Sunday, July 18, 2010

Short Walk for Big Steps

I think it's been a hot and dry summer so far in Southeast Connecticut-not complaining (yet) because I'm also the guy who whines like a little girl when it's freezing and snowy in February around here, forgetting all about these days while crying.

As I work to walk my ten to twelve thousand steps a day, together with watching what I eat the best tools I have to manage my diabetes better than I have in many years, I wander across the town where I live, Norwich, on weekends visiting various neighborhoods, logging lots more than the desired number of steps and seeing situations and strategies that don't ever make my local newspapers.
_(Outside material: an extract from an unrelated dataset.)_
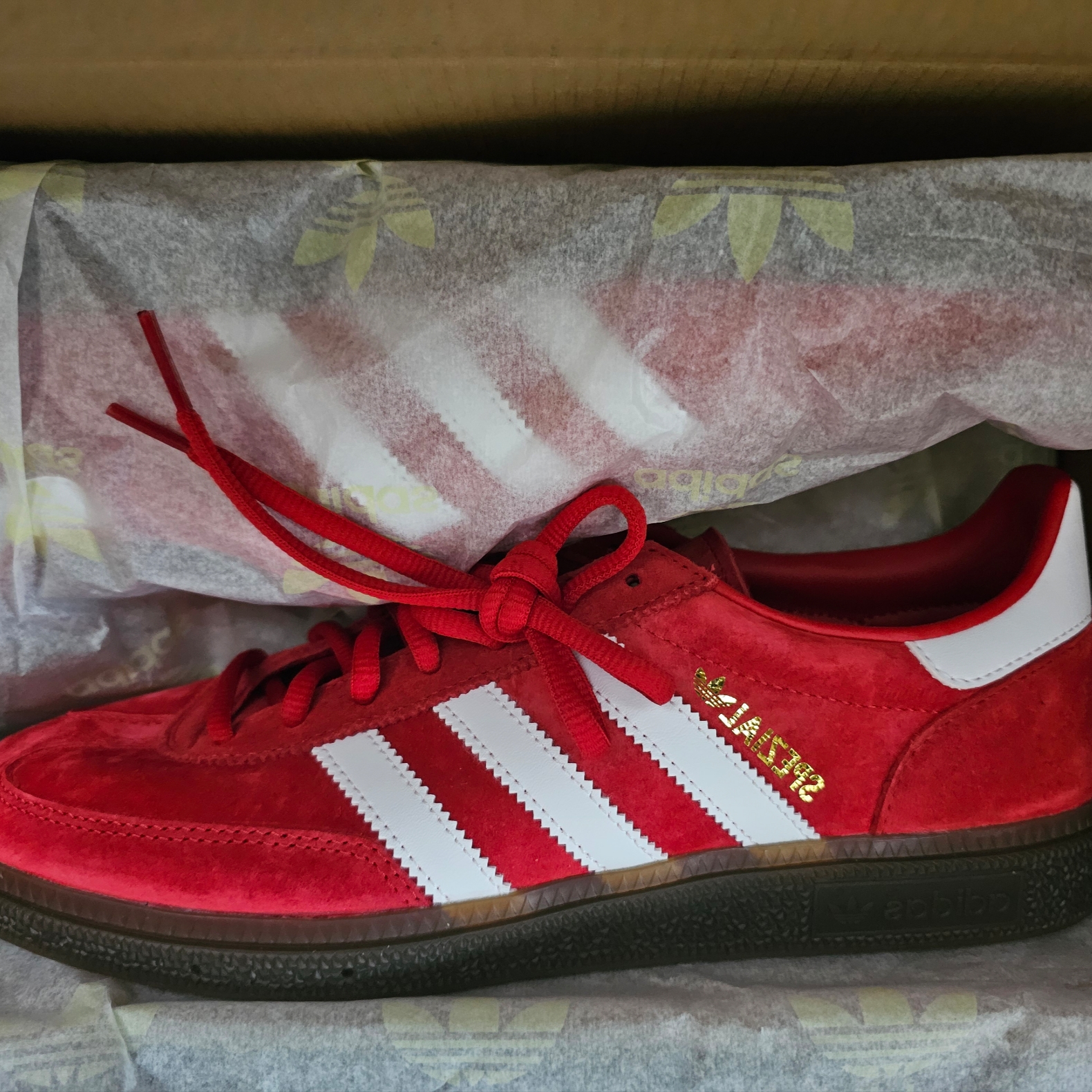 Adidas Spezial Handball Scarlet Cloud White 착용 스타일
Yesterday morning wasn't an aimless wandering (which I do so well, if it's ever declared an Olympic sport you'll find me at the medals podium) but a hike to what could be our downtown-we call it Chelsea and cynics suggest if you blink, you'll miss it, so I always keep my eyes wide open.

Walking down Broadway near Saint Patrick's, I was in time to watch the faithful exiting the cathedral after (I'm assuming) morning Mass, around 7:30, and start on their weekends in one instance as a driver made a u-turn in front of St Pat's, cutting off another car who angrily honked while the first driver flipped him off. In front of the church. I marveled-waiting for The Lord to smite somebody and realizing that's our problem these days, not enough smiting.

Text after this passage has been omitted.